The great thing about New York is that there are so many cultures and groups of people from different backgrounds, and whether you want to or not, you have to interact with them. I think that makes you a better person. Millionaires and homeless people all ride the subway there. Also, you can do whatever you want pretty much any time of day, because it’s New York City.

image2What does a normal day look like for you?

Usually, we get up with the baby earlier than I would like, because I don’t get home until eleven-thirty or midnight from the theater. Then we play or go for a walk, and the gym is a big part of our lives. If I don’t stay healthy and exercise, the puppet starts to break me. I must stay in shape in order to keep my work. Sometimes I have a commercial, TV, or film audition, and I will go do those if I have them. If I don’t have anything, then I will work on my voice or things to stay artistically fresh. Then I go to the theater. I usually get there about an hour before the show starts. I warm up my body and my voice and do the show. And then I go home and start it all over again.

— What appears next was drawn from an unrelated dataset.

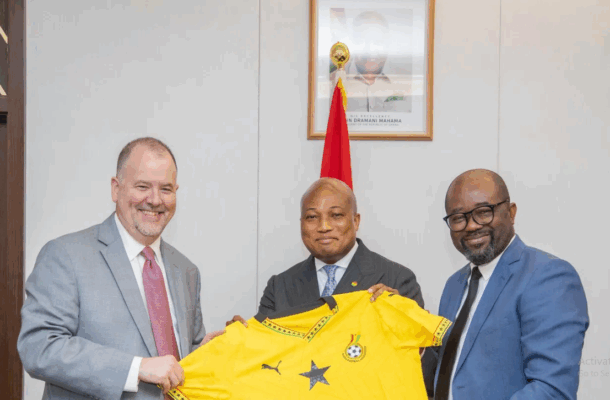 travellers. [ PHOTO: Foreign Minister Samuel Okudzeto Ablakwa (centre) with GFA President Kurt Okraku (right) and U.S. Acting Ambassador Rolf Olson during the visa facilitation talks at the U.S. Embassy, Accra, October 2025. Photo Credit: Ministry of Foreign Affairs Ghana / GhanaianNewsCanada ] Photo Credit: Ministry of Foreign Affairs Ghana | GhanaianNewsCanada Sports Desk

How do you handle family life?

Fortunately, my wife has a lot of flexibility in her schedule. I have Monday off so we get to be together, but we try to arrange it where I watch the baby during the day and she does at night. We just try to spend as much time as we can as a whole family. The hardest part is having friends outside the theatrical community, because they get off work when I go to perform the show.

What do you wish people knew?

It bugs me when I hear people say actors have it so easy doing what they do. I have repaired knee cartilage to prove it’s not. People think, “You only go to work four hours a day, that’s easy.” It is four hours for a show, but I do eight of them a week, and the amount of energy I expend at any given show is staggering. We love doing it, it’s a pleasure and a gift, but it’s also a lot of work.